» Exercise prompt: Retype the following data exactly, but leave its pictures out.
*** Opening of Records for the task ***
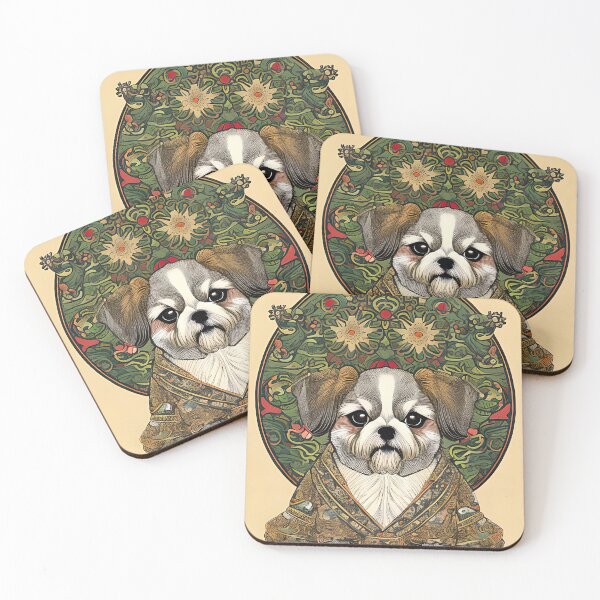 Item preview, Doggy Shogun  designed and sold by KristoffDeuox.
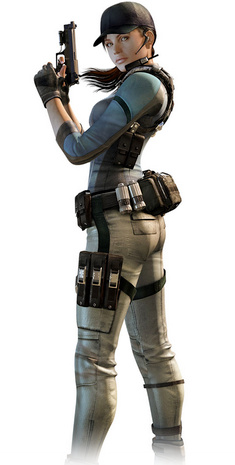 Jill Valentine Jill Valentine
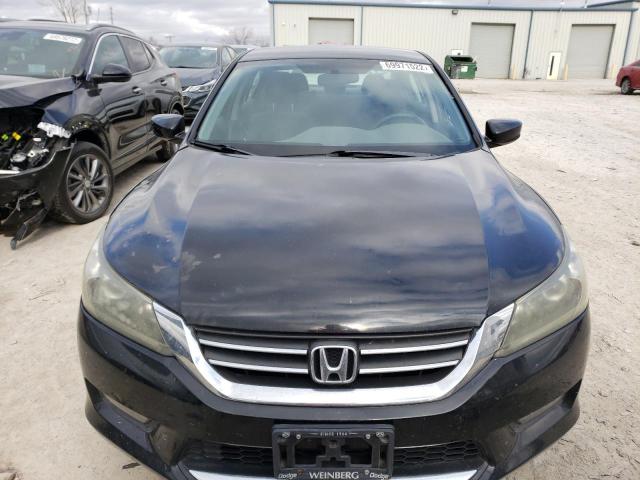 Photo 5 from auction – 2014 HONDA ACCORD SPO with VIN 1HGCR2F57EA170702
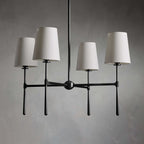 Silva  Chandelier Head 4/6 Mid-century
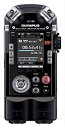 【中古-非常に良い】 OLYMPUS オリンパス マルチトラックリニアPCMレコーダー LS-100 ブラック 4GB SDカードスロット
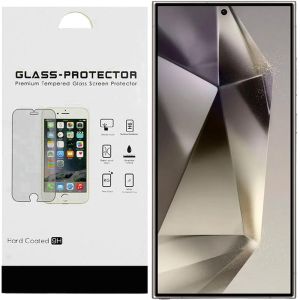 For Samsung S25 Ultra Clear Tempered Glass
*** Close of Records for the task ***
» Finished exercise:
 Item preview, Doggy Shogun  designed and sold by KristoffDeuox.
 Jill Valentine Jill Valentine
 Photo 5 from auction – 2014 HONDA ACCORD SPO with VIN 1HGCR2F57EA170702
 Silva  Chandelier Head 4/6 Mid-century
 【中古-非常に良い】 OLYMPUS オリンパス マルチトラックリニアPCMレコーダー LS-100 ブラック 4GB SDカードスロット
 For Samsung S25 Ultra Clear Tempered Glass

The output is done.